◆ Exercise ◆
From the entries below, transcribe exactly the lines between the line holding "creation thumb for" and the line holding "Travis Kelce San Diego Leather NASCAR Jacket", inclusive; skip all other lines.
╭─ Extracted information
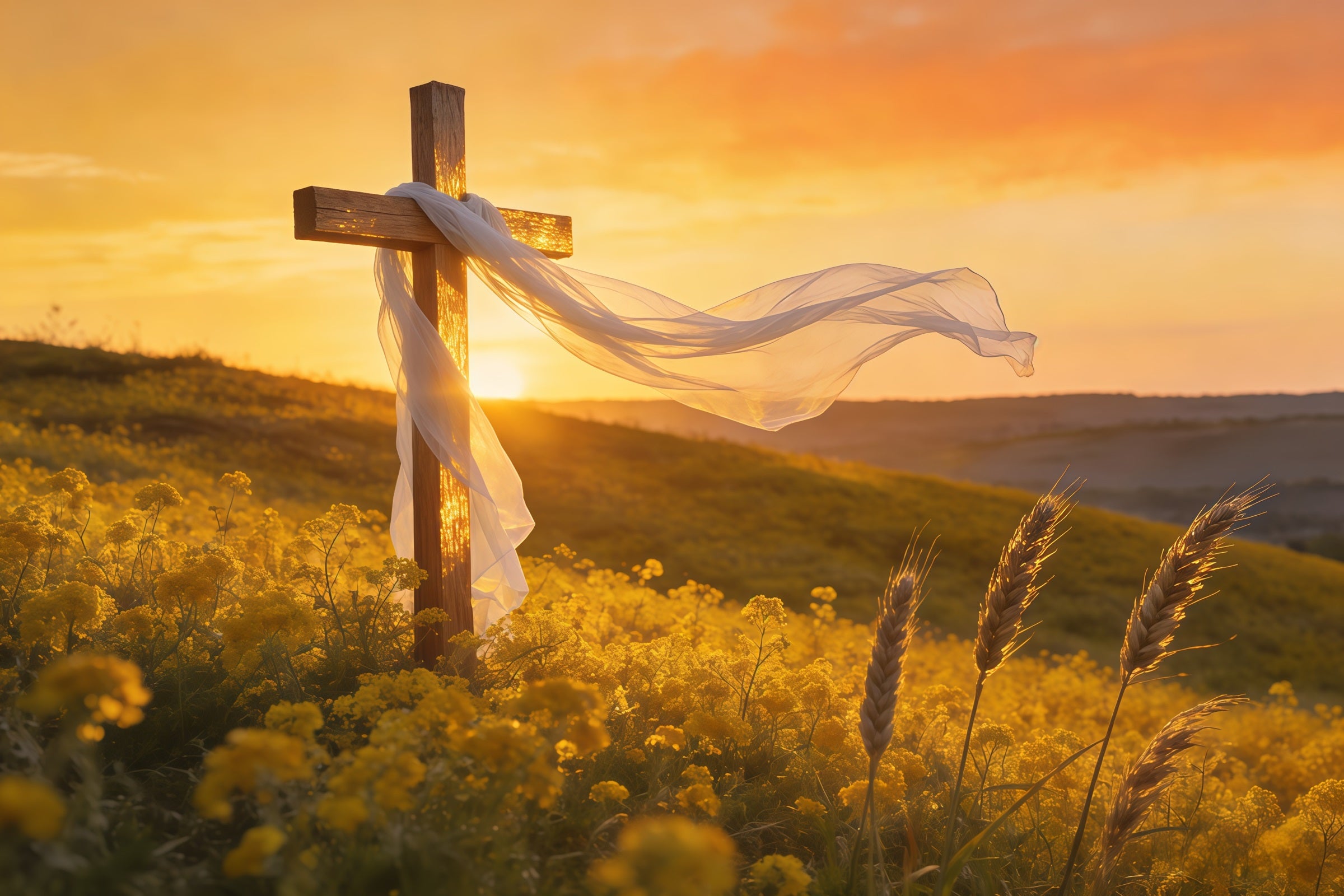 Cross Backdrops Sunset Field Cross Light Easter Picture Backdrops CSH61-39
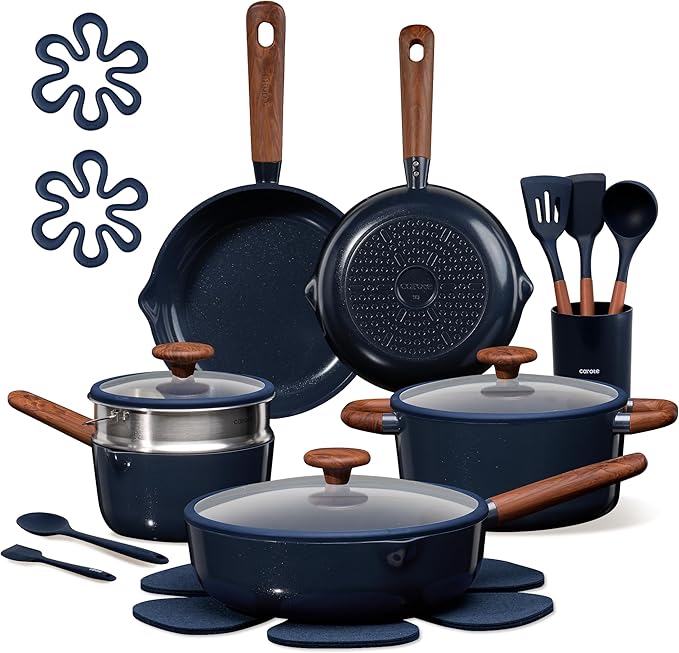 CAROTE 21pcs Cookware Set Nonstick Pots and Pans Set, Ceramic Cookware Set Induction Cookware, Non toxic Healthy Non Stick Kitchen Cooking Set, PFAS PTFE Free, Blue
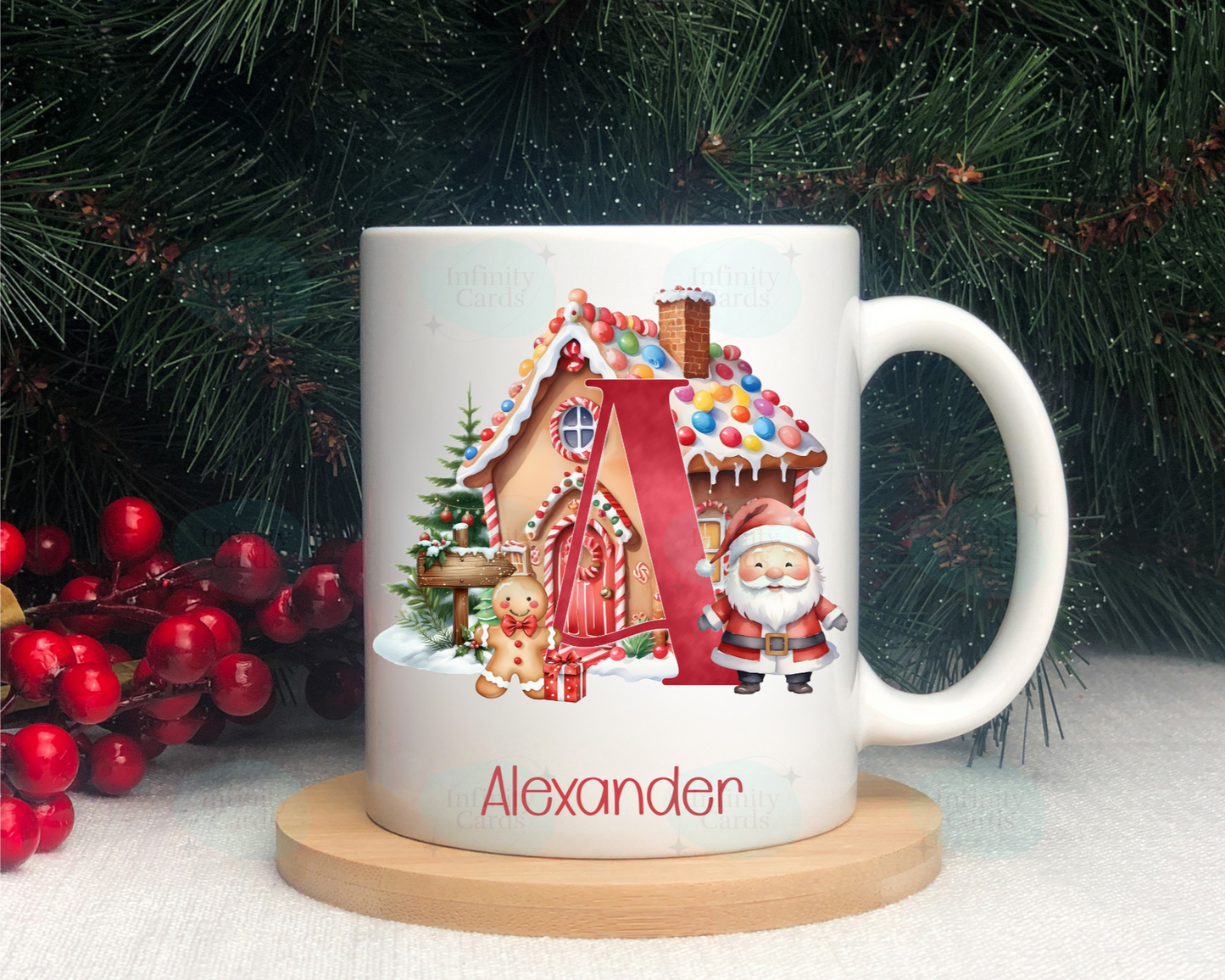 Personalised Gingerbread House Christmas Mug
╰─
╭─ Extracted information
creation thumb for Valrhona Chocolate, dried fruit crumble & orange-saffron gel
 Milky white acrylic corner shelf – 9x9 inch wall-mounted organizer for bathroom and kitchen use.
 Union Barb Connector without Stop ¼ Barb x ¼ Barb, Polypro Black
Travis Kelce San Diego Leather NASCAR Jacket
╰─
◆ Response ◆
creation thumb for Valrhona Chocolate, dried fruit crumble & orange-saffron gel
 Milky white acrylic corner shelf – 9x9 inch wall-mounted organizer for bathroom and kitchen use.
 Union Barb Connector without Stop ¼ Barb x ¼ Barb, Polypro Black
Travis Kelce San Diego Leather NASCAR Jacket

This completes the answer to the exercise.